Hello, what tricks can your bird perform, is there something she says or whistles or does that you think is just adorable? 
My little Cody can wave, spin endlessly, and shake my finger.
What about yours?


----------



## Luna (Jun 22, 2011)

Aww I wish Luna did tricks, the only thing she really does that amazes me is she'll fly to me when I call her, no matter what part of the house I'm in.. I think that means shes just clingy haha Eventually I'd like to teach her a few things..


----------



## morla (Aug 15, 2011)

Daisy does no tricks because I haven't taut her any! 
Daisy is just a little cockatiel explorer!
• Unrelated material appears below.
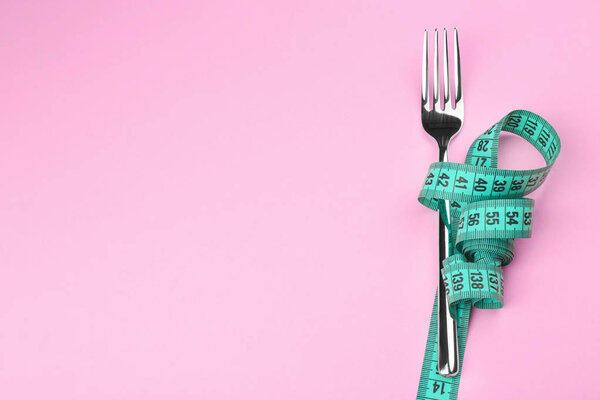 Измерительная лента, обернутая вокруг вилки, лежащей на цветной поверхности. Концепция питания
She loves exploring, while I watch her of course!


----------



## clem&peeps (Nov 17, 2009)

Awww, that's so adorable that he does tricks. My guys don't do any tricks but they will fly to me when i call them. Peepers says a few things and whistles a few tunes and now riki is starting do do a lot of mimicking too. 
One thing that Riki starting mimicking is the sound Clementine makes when her and peepers are mating :blush:. The first time i heard it i thought "what, they're going at it again"! But it was just my little Riki


----------



## sunnysmom (Sep 23, 2011)

We haven't taught Sunny any tricks. I guess I should work on that. He came to us knowing how to ribbit and if you say "do froggy" or show him his little fake frog he has, he will ribbit.


----------



## roxy culver (May 27, 2010)

> One thing that Riki starting mimicking is the sound Clementine makes when her and peepers are mating


Haha try having two boys who copy that noise!!! I always have to figure out if I have a pair actually mating or if its Baby or Snowball messing around!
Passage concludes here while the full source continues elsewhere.